Exercise prompt - Copy out the listing that follows, exact in every word, and skip the images.

Input data -
┄┄┄┄┄┄┄┄┄┄┄┄┄┄┄┄┄┄┄┄

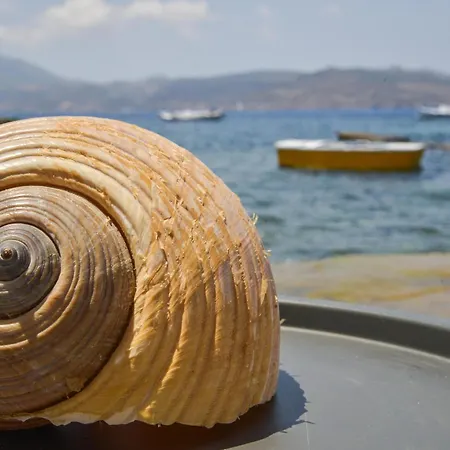 Boucaporta Sirma Apartment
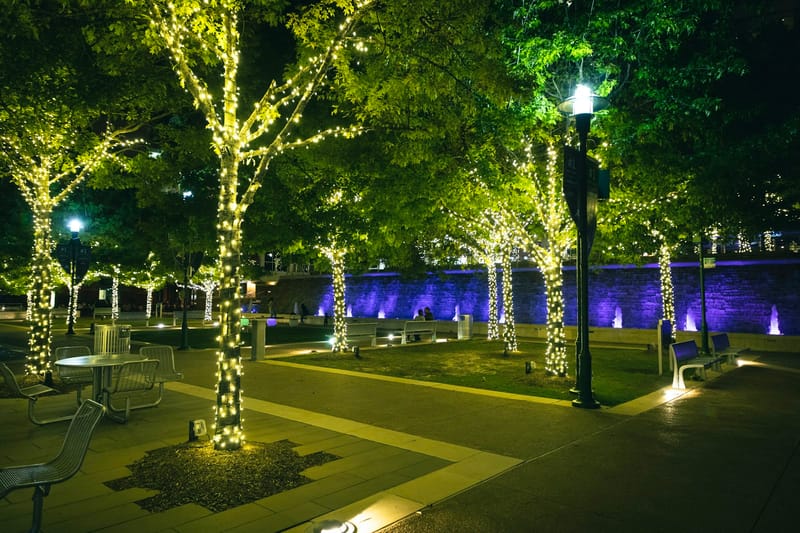 Lighted park trees in The Woodlands, Texas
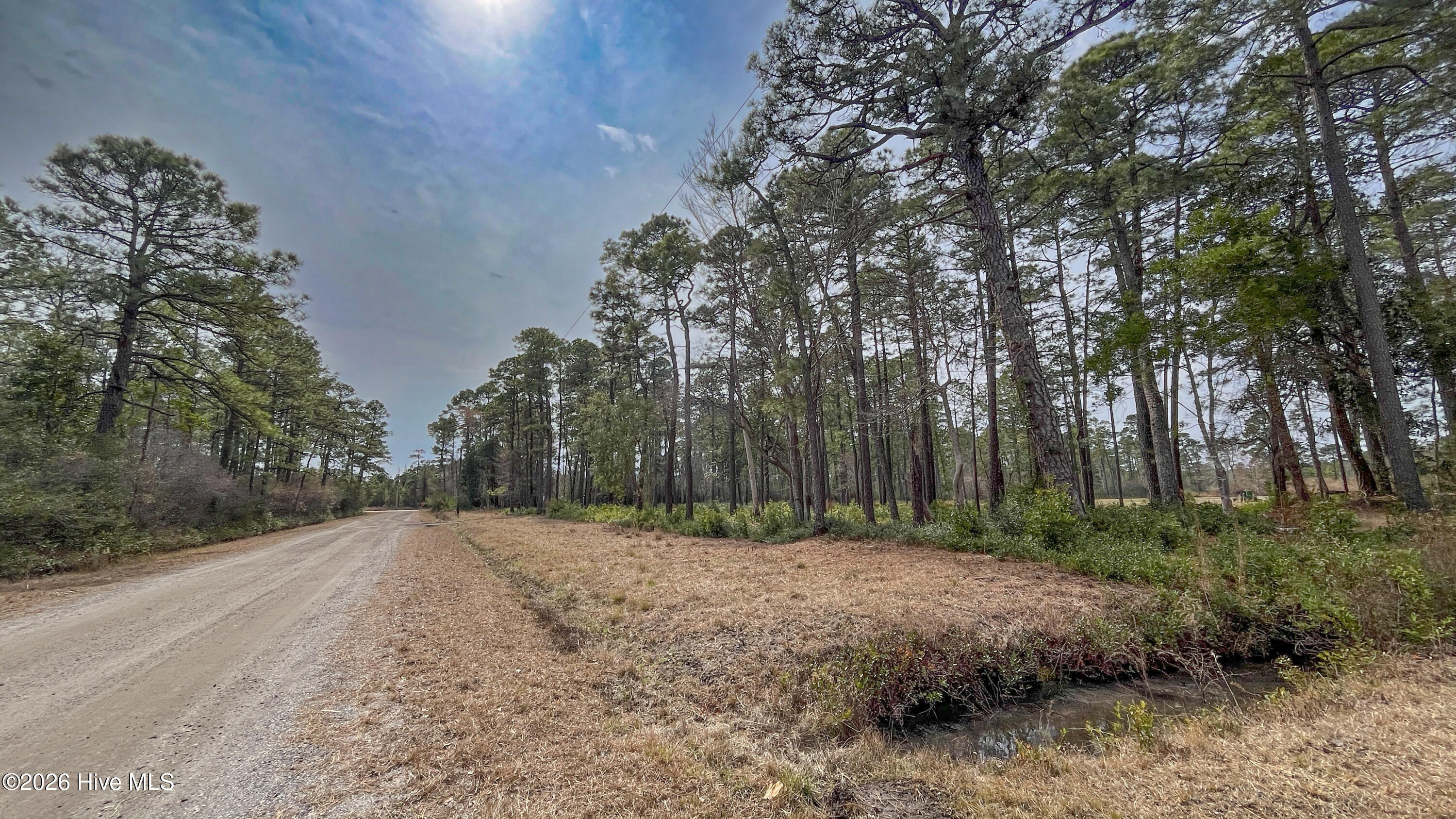 100554657 | Photo 29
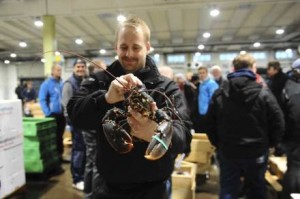 Первые омары сезона ушли с аукциона в Швеции за 10 тысяч евро за килограмм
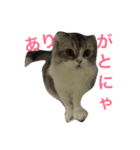 毎日可愛い♡（個別スタンプ：3）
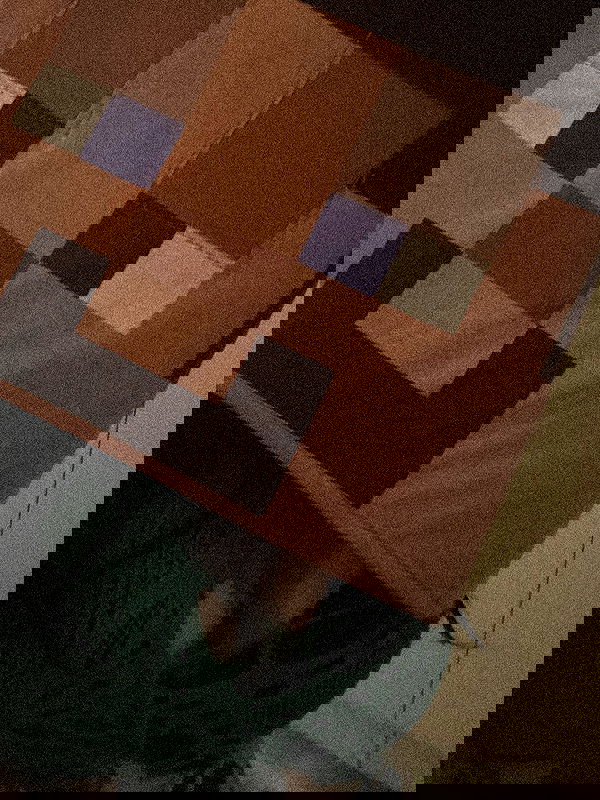 zommmbri image ~ Altpins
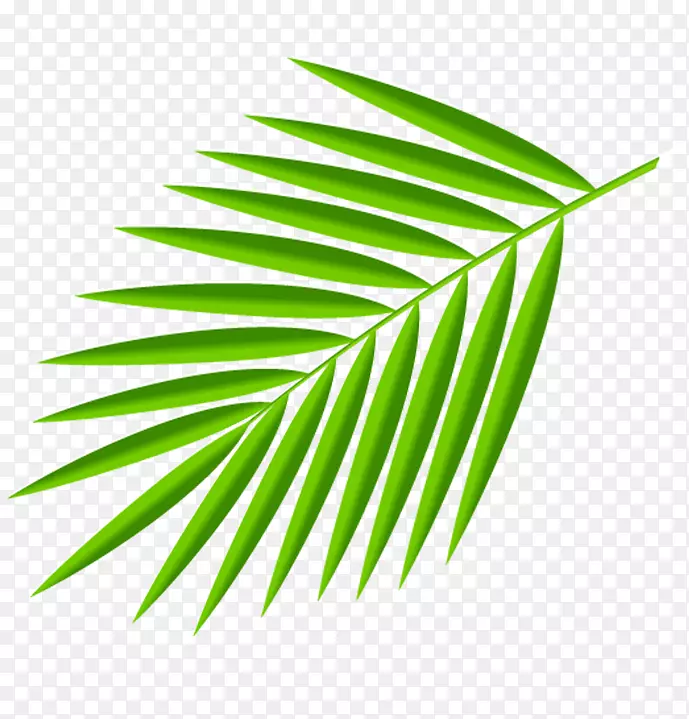 绿色植物椰树叶子免抠图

┄┄┄┄┄┄┄┄┄┄┄┄┄┄┄┄┄┄┄┄

Output -
 Boucaporta Sirma Apartment
 Lighted park trees in The Woodlands, Texas
 100554657 | Photo 29
 Первые омары сезона ушли с аукциона в Швеции за 10 тысяч евро за килограмм
 毎日可愛い♡（個別スタンプ：3）
 zommmbri image ~ Altpins
 绿色植物椰树叶子免抠图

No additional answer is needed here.